TO DO:
Below are some records; write them all out again exactly.
____________________
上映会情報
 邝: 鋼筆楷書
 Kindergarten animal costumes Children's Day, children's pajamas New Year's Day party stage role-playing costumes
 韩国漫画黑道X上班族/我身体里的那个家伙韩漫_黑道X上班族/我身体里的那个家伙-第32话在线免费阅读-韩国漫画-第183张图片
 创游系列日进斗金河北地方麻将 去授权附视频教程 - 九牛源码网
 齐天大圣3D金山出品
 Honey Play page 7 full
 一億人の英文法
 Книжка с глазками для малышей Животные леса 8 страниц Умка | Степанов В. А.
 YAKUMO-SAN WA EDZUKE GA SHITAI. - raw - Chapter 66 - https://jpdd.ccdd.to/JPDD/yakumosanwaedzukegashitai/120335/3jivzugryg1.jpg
____________________
SOLUTION TO THIS PROBLEM:
上映会情報
 邝: 鋼筆楷書
 Kindergarten animal costumes Children's Day, children's pajamas New Year's Day party stage role-playing costumes
 韩国漫画黑道X上班族/我身体里的那个家伙韩漫_黑道X上班族/我身体里的那个家伙-第32话在线免费阅读-韩国漫画-第183张图片
 创游系列日进斗金河北地方麻将 去授权附视频教程 - 九牛源码网
 齐天大圣3D金山出品
 Honey Play page 7 full
 一億人の英文法
 Книжка с глазками для малышей Животные леса 8 страниц Умка | Степанов В. А.
 YAKUMO-SAN WA EDZUKE GA SHITAI. - raw - Chapter 66 - https://jpdd.ccdd.to/JPDD/yakumosanwaedzukegashitai/120335/3jivzugryg1.jpg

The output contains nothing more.